На полке 8 книг. Книг по математике в 3 раза больше, чем книг по физике. Наугад взяли 3 книги.

Problem Analysis

We are given that there are 8 books on a shelf, with the number of math books being 3 times the number of physics books. We need to find the probability of selecting certain combinations of books.

Solution

Let's start by finding the number of math and physics books on the shelf.

Let's assume the number of physics books is x. Then the number of math books would be 3x.

We are asked to find the probability of selecting 3 books from the shelf. We'll consider two cases:

Case a) All selected books are math books:

In this case, we need to select all 3 books from the math books. The number of ways to select 3 books from a set of 3x books is given by the combination formula:

C(3x, 3)

Case b) 2 selected books are physics books and 1 selected book is a math book:

In this case, we need to select 2 books from the physics books and 1 book from the math books. The number of ways to select 2 books from a set of x books is given by the combination formula:

C(x, 2)

The number of ways to select 1 book from a set of 3x books is given by the combination formula:

C(3x, 1)

To find the probability, we need to divide the number of favorable outcomes by the total number of possible outcomes.

The total number of possible outcomes is the number of ways to select 3 books from a set of 8 books, which is given by the combination formula:

C(8, 3)

Let's calculate the probabilities for both cases.

Calculation

Case a) All selected books are math books:

Number of favorable outcomes = C(3x, 3)

Total number of possible outcomes = C(8, 3)

Case b) 2 selected books are physics books and 1 selected book is a math book:

Number of favorable outcomes = C(x, 2) * C(3x, 1)

Total number of possible outcomes = C(8, 3)

Substituting Values

We know that the number of math books is 3 times the number of physics books. Let's substitute this value into the equations.

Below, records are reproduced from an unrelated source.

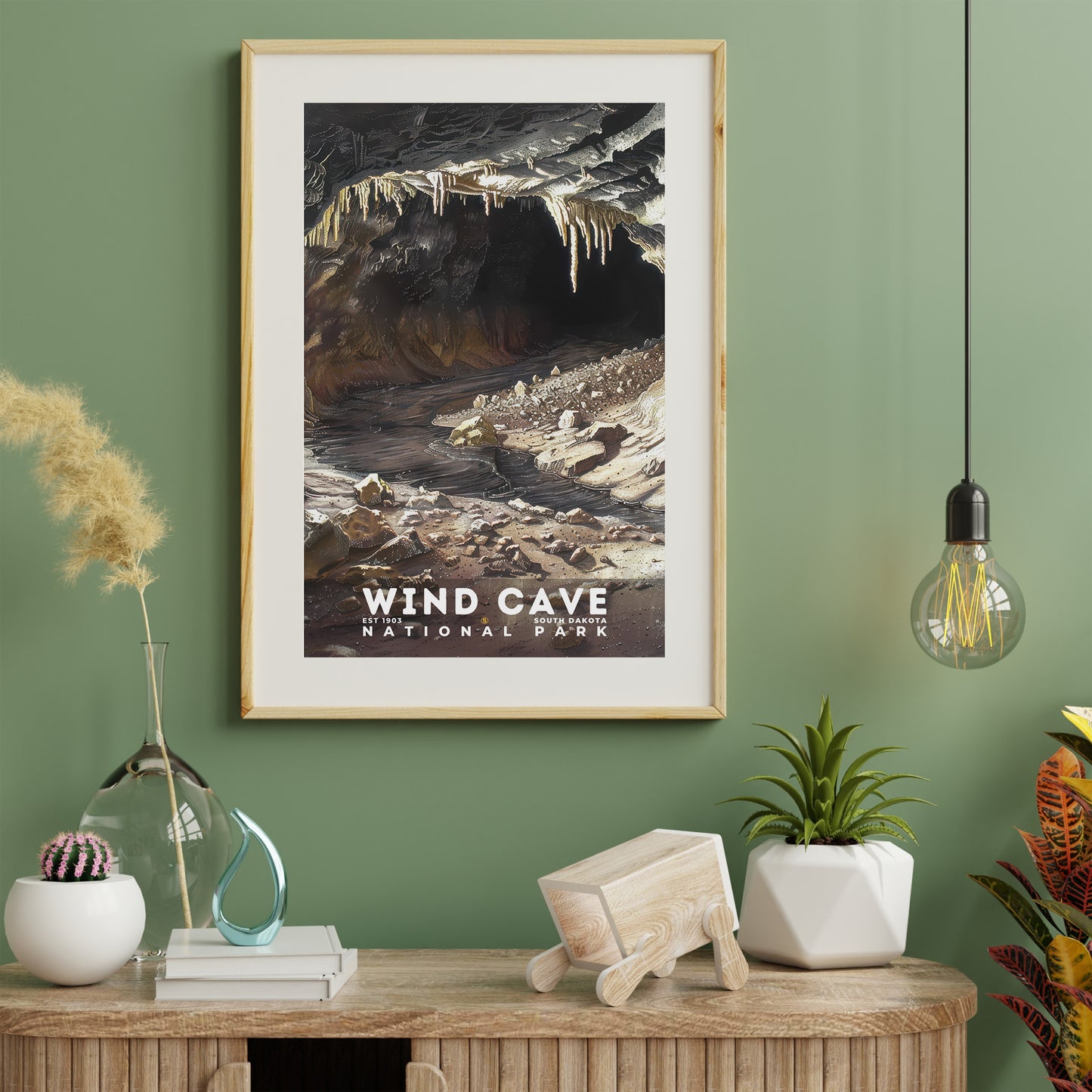 Wind Cave National Park Poster | S17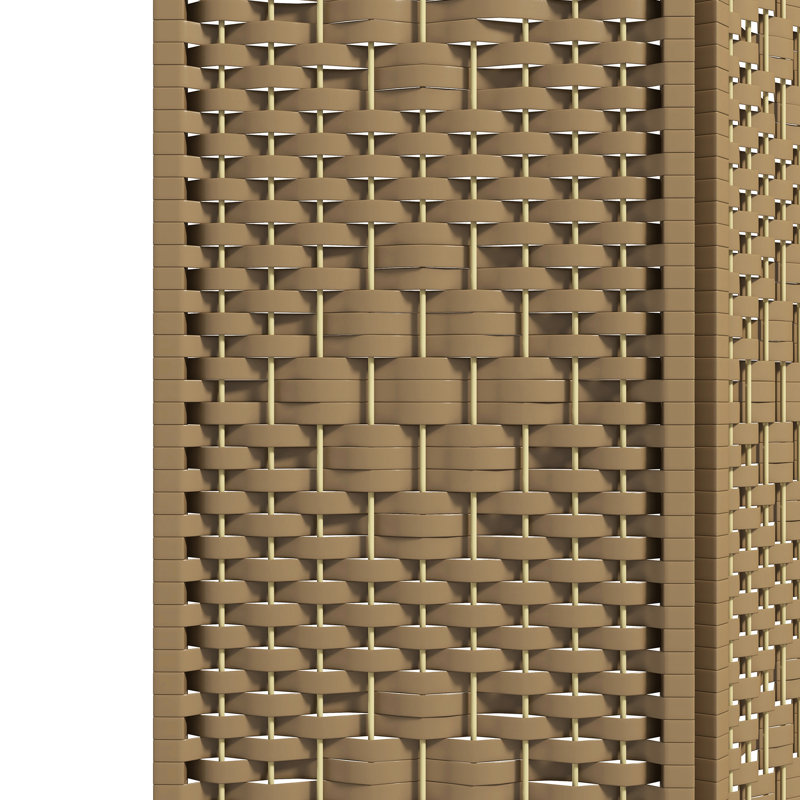Paravent pliable 6 panneaux, 5,6 pi, écran d'intimité en fibre ondulée, bois naturel relaxant pour chambre à coucher, salon, cloison de bureau personnel, espace de travail encourageant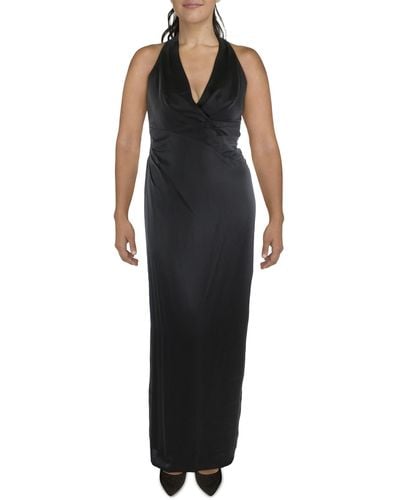 Lauren by Ralph Lauren Satin Sleeveless Evening Dress - Black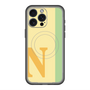 スリムプロテクションプレミアムケース with MagSafe［ オリジナル - initial color line - N yellow ］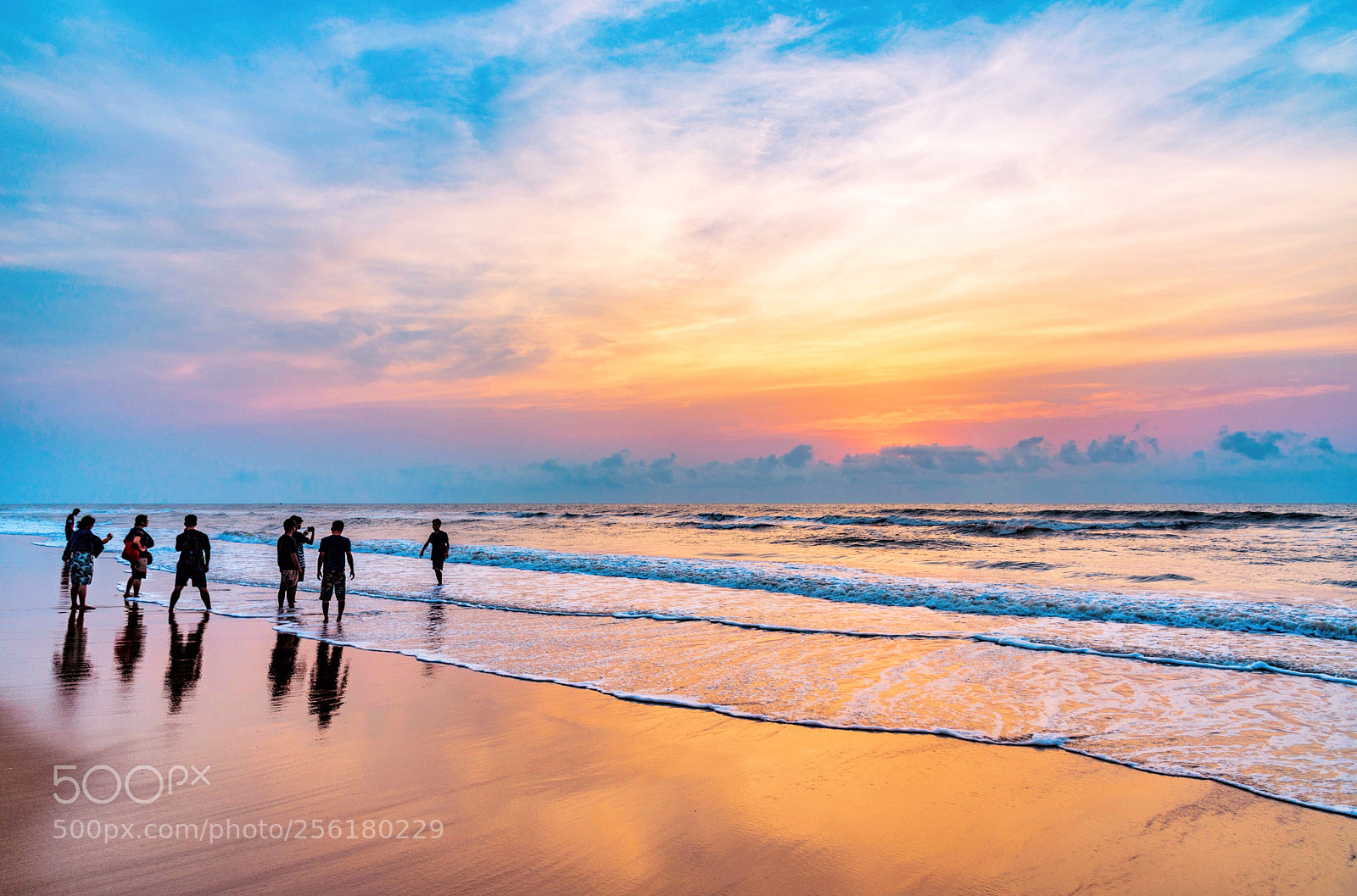 Nikon D610 sample photo. Elliot's beach sunrise, chennai photography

Case a) All selected books are math books:

Number of favorable outcomes = C(3x, 3) = C(3(3x), 3) = C(9x, 3)

Total number of possible outcomes = C(8, 3)

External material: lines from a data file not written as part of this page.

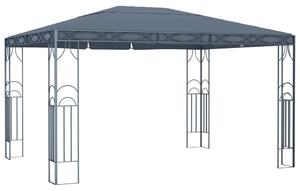 VidaXL antracitszürke pavilon LED fényfüzérrel 400 x 300 cm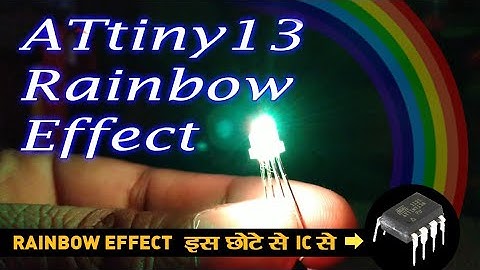 Attiny13 rainbow effect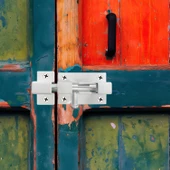 Kapı Sürgüsü Küçük Beyaz Mavzer Sürgü Sürgülü Kilit 25x40 mm Kapı Pencere Emniyet Kilidi Metal thumbnail 4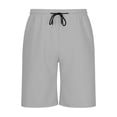 thumbnail image 3 of Bosfbaoi Mens Shorts Lightweight Quick-Dry Athletic Shorts Elastic Waist Drawstring Vacation Beach Shorts with Back Pocket, 3 of 7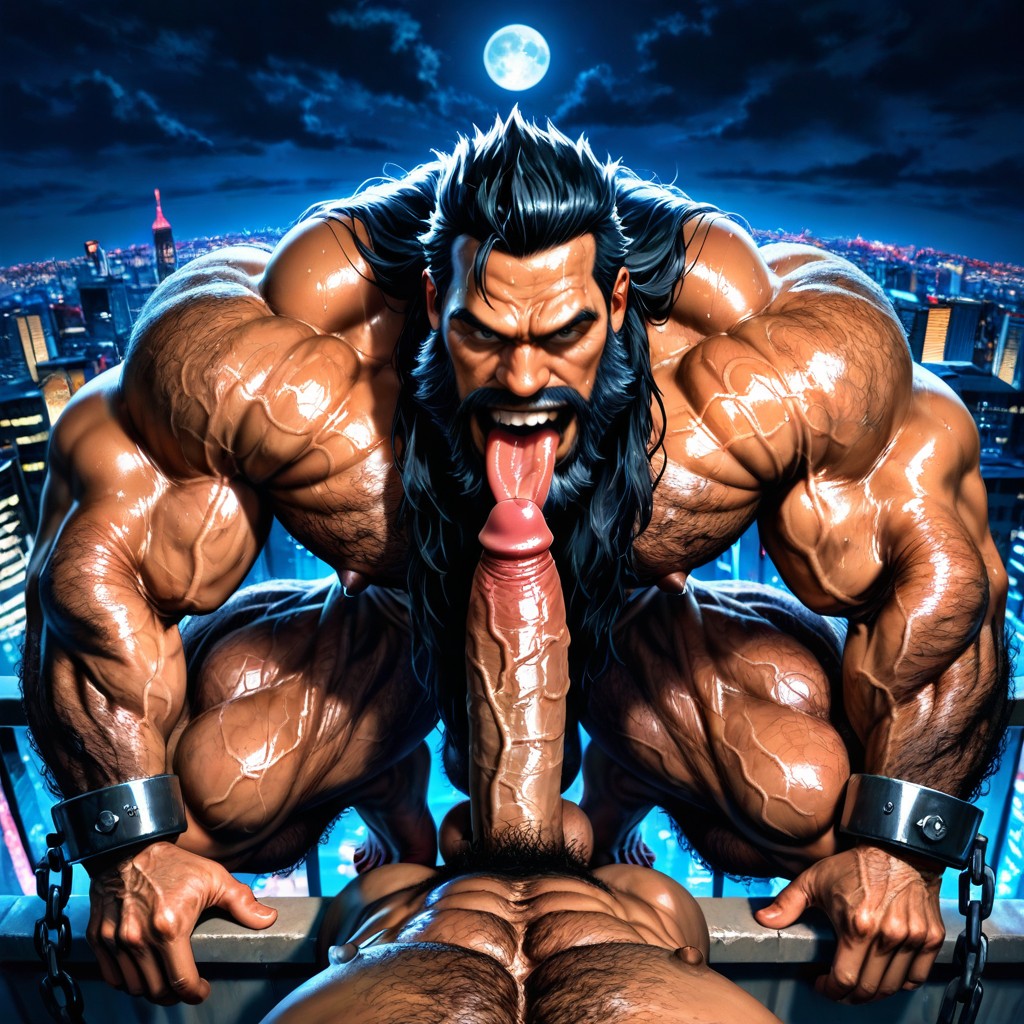 Hyper Muscles, Correct Anatomy, Night 게이 AI 포르노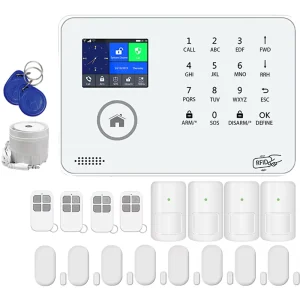 4G WiFi GSM 433MHz ABS Home Security Alarm System PIR Motion Sensor Water Resistant SOS Function Smart App for Doors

Case b) 2 selected books are physics books and 1 selected book is a math book:

Number of favorable outcomes = C(x, 2) * C(3x, 1) = C(x, 2) * C(3x, 1) = C(x, 2) * C(3x, 1)

Total number of possible outcomes = C(8, 3)

Simplifying the Equations

We can simplify the equations further by substituting the values of the combination formula:

Case a) All selected books are math books:

Number of favorable outcomes = C(9x, 3) = (9x!)/(3!(9x-3)!)

Total number of possible outcomes = C(8, 3) = (8!)/(3!(8-3)!)

Case b) 2 selected books are physics books and 1 selected book is a math book:

Number of favorable outcomes = C(x, 2) * C(3x, 1) = (x!)/(2!(x-2)!) * (3x!)/(1!(3x-1)!)

Total number of possible outcomes = C(8, 3) = (8!)/(3!(8-3)!)

Calculating the Probabilities

Now, let's calculate the probabilities for both cases.

Case a) All selected books are math books:

Probability = (Number of favorable outcomes)/(Total number of possible outcomes) = [(9x!)/(3!(9x-3)!)] / [(8!)/(3!(8-3)!)]

Case b) 2 selected books are physics books and 1 selected book is a math book:

Probability = (Number of favorable outcomes)/(Total number of possible outcomes) = [(x!)/(2!(x-2)!) * (3x!)/(1!(3x-1)!)] / [(8!)/(3!(8-3)!)]

Let's simplify the equations further and calculate the probabilities.